Technically speaking, this may be a case of undefined behavior. From my man page:
-u, --unique
Unique keys. Suppress all lines that have a key that is
equal to an already processed one. This option, similarly
to -s, implies a stable sort. If used with -c or -C, sort
also checks that there are no lines with duplicate keys.
...
-n, --numeric-sort, --sort=numeric
Sort fields numerically by arithmetic value. Fields are
supposed to have optional blanks in the beginning, an
optional minus sign, zero or more digits (including
decimal point and possible thousand separators).
When you use -n, without a key fields specification, the whole line does not meet the requirement for numeric sorting.
This sort does give me the intended output:
$sort -k1,1n -k2 -u ~/tmp/sort.txt
1 a
5 which
10 exotically
15 aerodynamically
15 differentiation
20 electroencephalogram
Whether or not deduplication on keys is ideal behavior, it is what is specified here.
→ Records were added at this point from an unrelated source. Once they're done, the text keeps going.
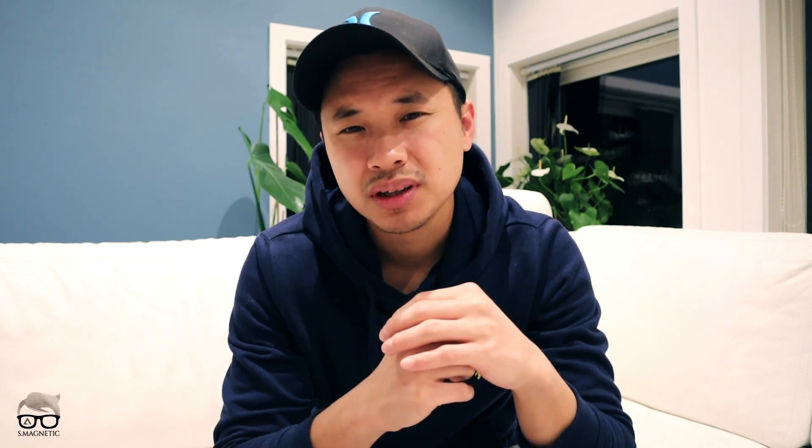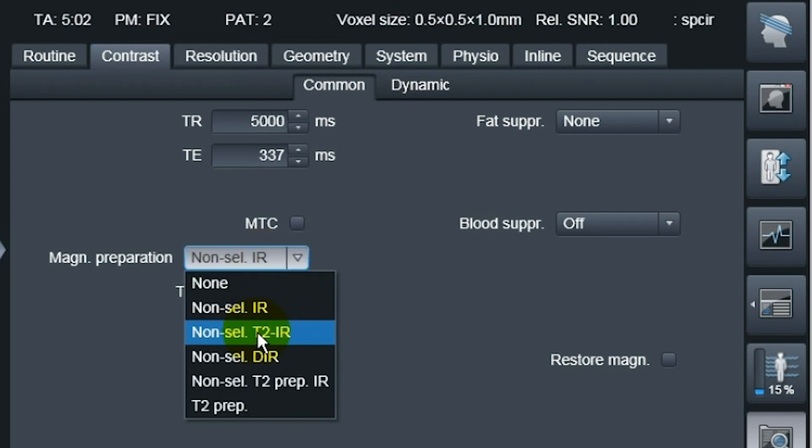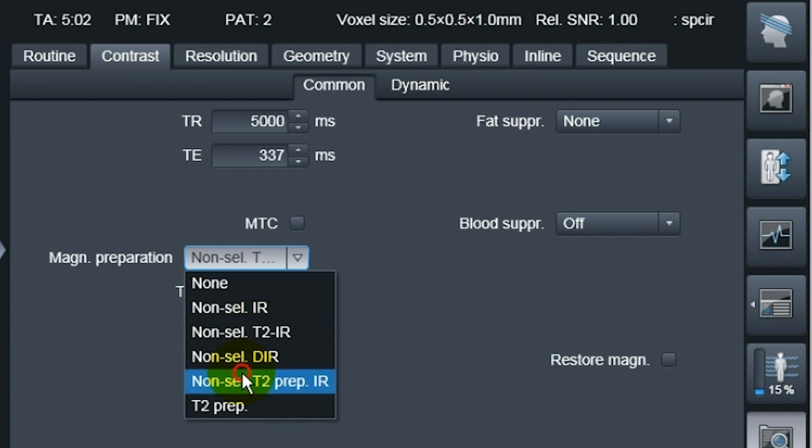If you look into your protocol and then you go to the contrast card, usually we are using the non-selective T2 inversion recovery pulse, but now it automatically has changed to non-T2 prep inversion recovery. So this new pulse, this is what happens in your protocol. It automatically changes.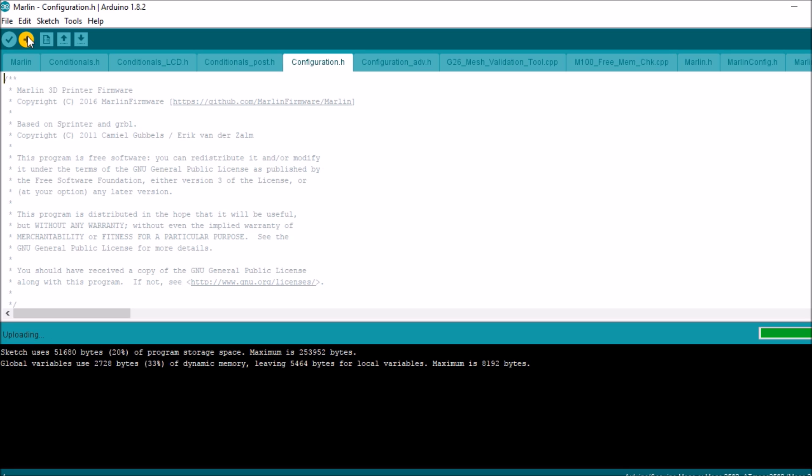And now it is uploading it to the Arduino 2560.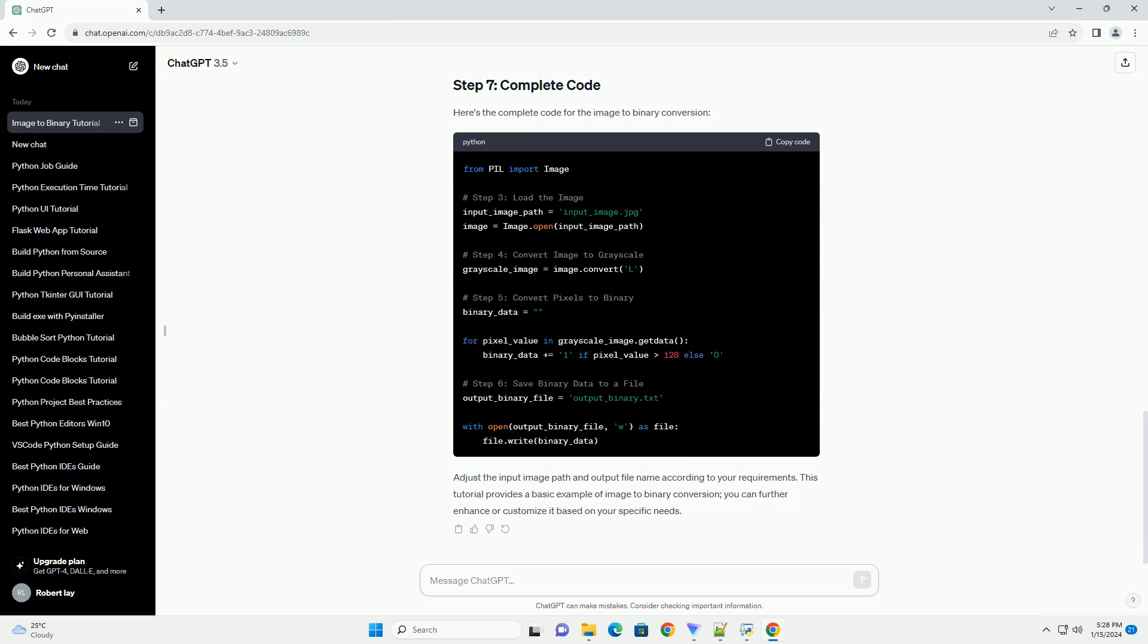Now, we'll convert the pixel values of the image to binary. We can achieve this by iterating through each pixel and converting its intensity to a binary value. In this example, we consider a threshold of 128 for simplicity. You can adjust this threshold based on your specific requirements.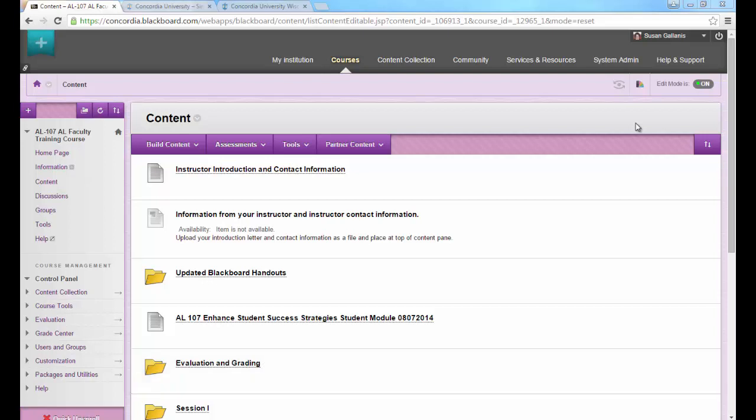Next I'm going to show you how you can view and grade written assignments. If you've ever used Dropbox in Angel, you went to the Dropbox itself and there you could view the submissions. Blackboard does that a little bit differently.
What is not explicitly specified is what is considered to be the key when you try to sort a non-numeric line numerically.
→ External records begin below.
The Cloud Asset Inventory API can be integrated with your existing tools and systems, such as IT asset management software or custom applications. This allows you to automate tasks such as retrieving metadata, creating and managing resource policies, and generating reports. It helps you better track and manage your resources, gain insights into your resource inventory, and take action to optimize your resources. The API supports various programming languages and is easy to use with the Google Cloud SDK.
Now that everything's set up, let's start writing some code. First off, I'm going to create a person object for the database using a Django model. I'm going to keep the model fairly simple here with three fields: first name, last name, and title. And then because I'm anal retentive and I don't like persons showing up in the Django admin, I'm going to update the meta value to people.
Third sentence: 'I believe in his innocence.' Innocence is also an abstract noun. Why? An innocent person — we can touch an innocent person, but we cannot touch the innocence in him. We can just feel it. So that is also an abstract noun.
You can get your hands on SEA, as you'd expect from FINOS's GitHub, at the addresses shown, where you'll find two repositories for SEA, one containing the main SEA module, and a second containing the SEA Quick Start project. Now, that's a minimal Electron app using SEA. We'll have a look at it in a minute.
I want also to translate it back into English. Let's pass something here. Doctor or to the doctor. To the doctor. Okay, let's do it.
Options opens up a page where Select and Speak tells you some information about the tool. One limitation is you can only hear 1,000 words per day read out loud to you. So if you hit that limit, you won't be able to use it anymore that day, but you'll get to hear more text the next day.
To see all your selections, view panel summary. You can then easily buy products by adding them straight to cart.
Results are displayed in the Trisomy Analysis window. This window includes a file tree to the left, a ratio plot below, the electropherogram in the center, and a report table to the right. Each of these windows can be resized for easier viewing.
This is the sort of problem that you get with duck typing: it does what you expect and intend, except in those corner cases where it doesn't.
Excellent, but now I realise there are repeated lines, and I need to de-duplicate. So I use sort -u to do that
I would just pipe it to uniq, the ultimate solution proposed --- because that seems to make more sense to me. I have not ever used the '-u' option of sort before, nor would I have expected it to have such an option (sort is for sorting, not removing duplicate lines.) Maybe because I'm more used to the "UNIX philosophy" instead of the GNU one?
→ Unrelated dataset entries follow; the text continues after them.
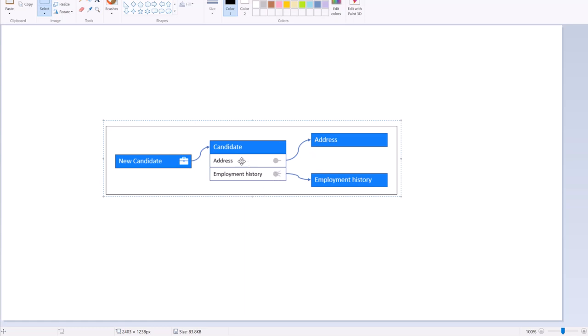A one-to-one relation means this is of type page, while a one-to-many relation means this is of type page list. Address has only one record, whereas employment history can have multiple records for a candidate.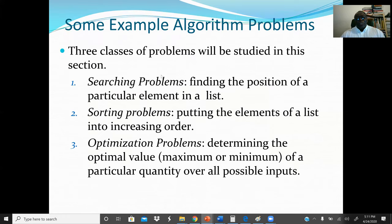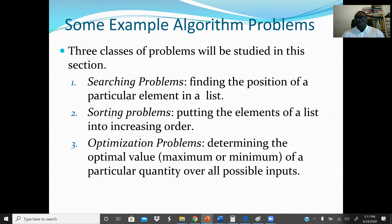Some examples of algorithm problems: here we have three classes to study — searching, sorting, and optimization. Optimization uses the brute-force concept. In computer science we mainly have two searching algorithms: linear search and binary search. Linear search means starting from the beginning and searching to the end — that's why it's called linear or sequential search. Sorting means arranging items either in increasing or decreasing order.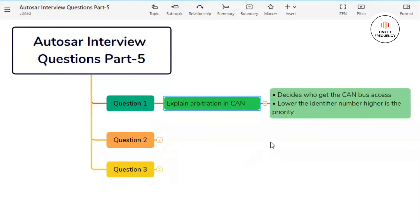Let's understand this with the help of an example. Consider two messages: message A with CAN ID value 13 and message B with CAN ID value 11. Now let's see which one gains bus access. Node A with identifier value 13 has a binary equivalent of 1101. Node B with identifier value 11 has a binary equivalent of 1011.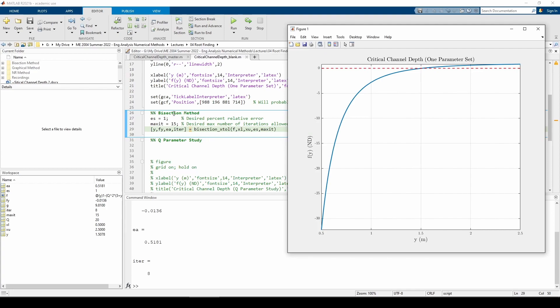I set es equals 1 and max set equals 15 because that's what specified in the problem statement. Once again, we're using the x-tal version of the bisection function because this version uses the percent relative error as its error metric. Make sure the function is in your working directory before you run the code.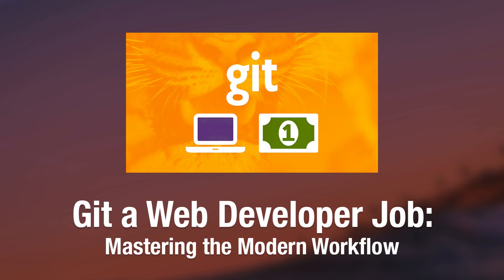If you haven't already, be sure to check out my brand new Get a Web Developer Job Mastering the Modern Workflow course. As always there's a link to it in the description.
This sort does give me the intended output:
Whether or not deduplication on keys is ideal behavior, it is what is specified here. What is not explicitly specified is what is considered to be the key when you try to sort a non-numeric line numerically.This is the sort of problem that you get with duck typing: it does what you expect and intend, except in those corner cases where it doesn't.